Fear and Fascination

I wrote about my morbid fascination for plane crashes a while ago. Long before that, back in my childhood, I had a different fascination: Fire. I´m not talking about campfires, though. My fascination dealt with house fires. When looking out of the window at night I would see light in other windows, and I would wonder if it was normal light or if, in fact, a fire had broken out in that house. If the light appeared unusually red or orange, I would try to determine if it flickered. If I thought it did, I might tell somebody about it –  and typically they would dismiss it. I was obsessed with the thought of one day seeing a house fire.

At the same time, however, I had a phobic fear of fire. I was afraid to light matches, I developed a compulsion to check the stove and at some point in my early teens things went as far as me being scared to even  think  words that had anything to do with fire, leave alone say them out loud. I was scared that a thought alone would be enough to set my own house on fire. And having a fire in my own house was probably my greatest fear of all. The terror this idea induced went even beyond my capacity to verbalize it. So I developed an additional compulsion: I had to perform thought rituals every time a dangerous word popped up in my head. I had to mentally drag the words out of my house and drop them onto some non-inflammable material so they could do no damage. Naturally, if you try to avoid thoughts, they will pop up quite frequently…
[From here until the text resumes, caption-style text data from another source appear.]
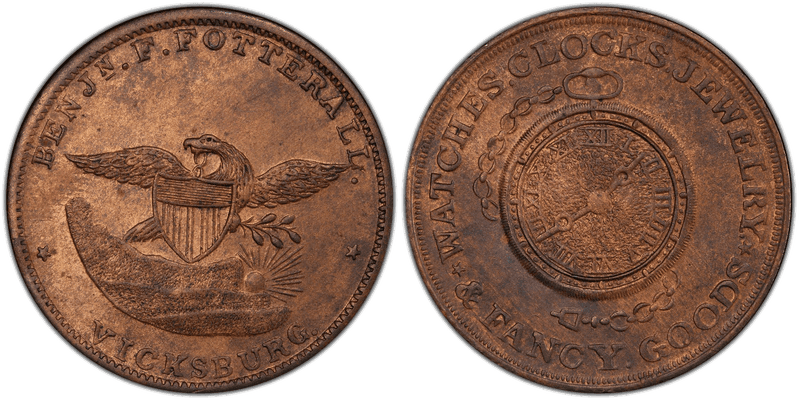 (c.1860) Token Miller Miss-7a Copper Benjn. F. Fotterall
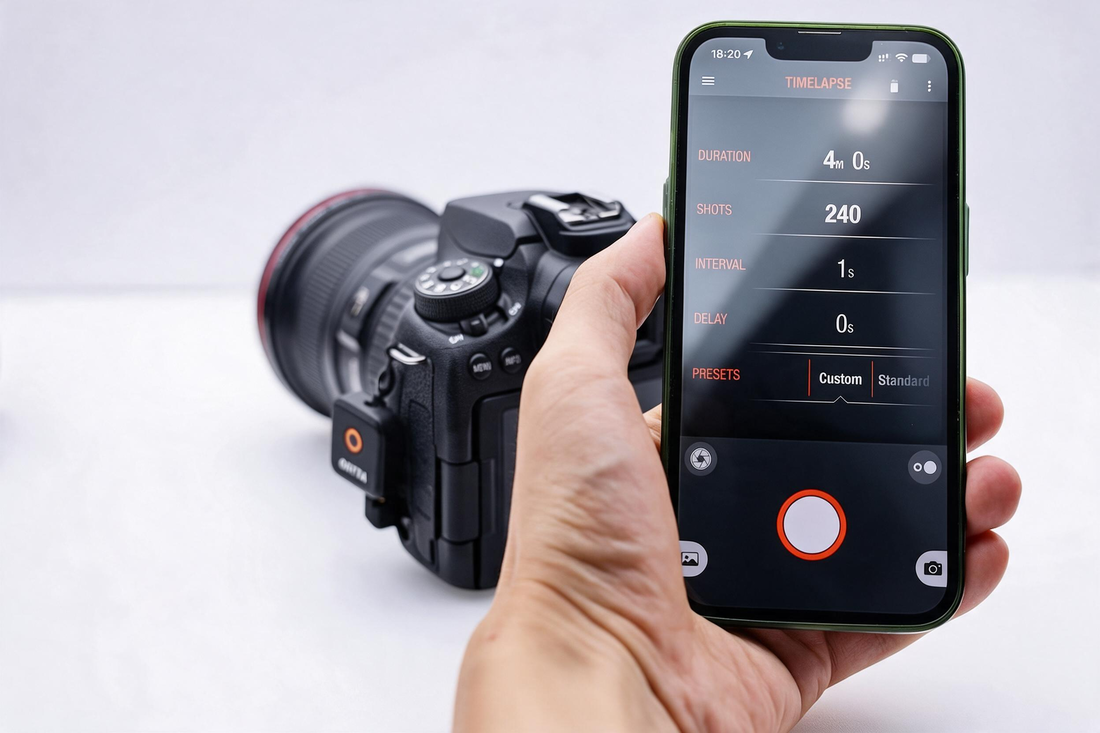 Setting up a Timelapse in the Ortta app, with Io on the camera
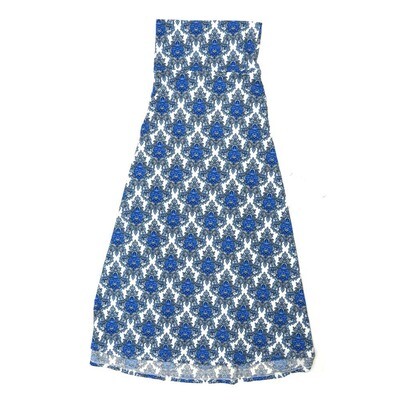 LuLaRoe Maxi d Medium M Floral White Blue Gray A-Line Flowy Skirt fits Adult Women sizes 10-12 MEDIUM-206-305.JPG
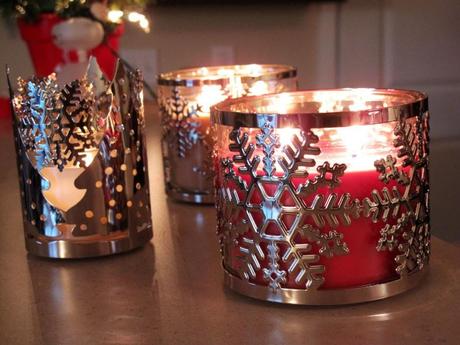 christmas-decor-holiday-candles-with-sleeves-snowflakes-and-christmas-trees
I guess one typical example of my parallelism of fear and fascination would be this: There had been a house fire somewhere in the neighborhood. I guess I should note that there had never been any danger that the fire might spread to my house. That event preoccupied me all day, and I absolutely wanted to go and see the site of the fire. I eventually went there with two of my friends and their mother. As we approached the site, however, and before I could see much, my phobia took over. I was overwhelmed by fear and I only wanted to run away. It was like that burnt out house was somehow contagious, like if I looked at it something terrible would happen to me. So I stayed behind as the three of them went to see the site.  When they returned, I was somehow angry I hadn´t seen it, but at the same time, even they, now, seemed contagious and dangerous. And the days after that house fire I was nervous and worried. I felt like I would never feel safe again.

Writing this entry has not exactly been comfortable. Even some of the compulsions returned. I often wonder if what I have is really a fire phobia, or if fire just symbolizes something else. Is it normal, actually, that people are obsessively fascinated by the objects of their phobias?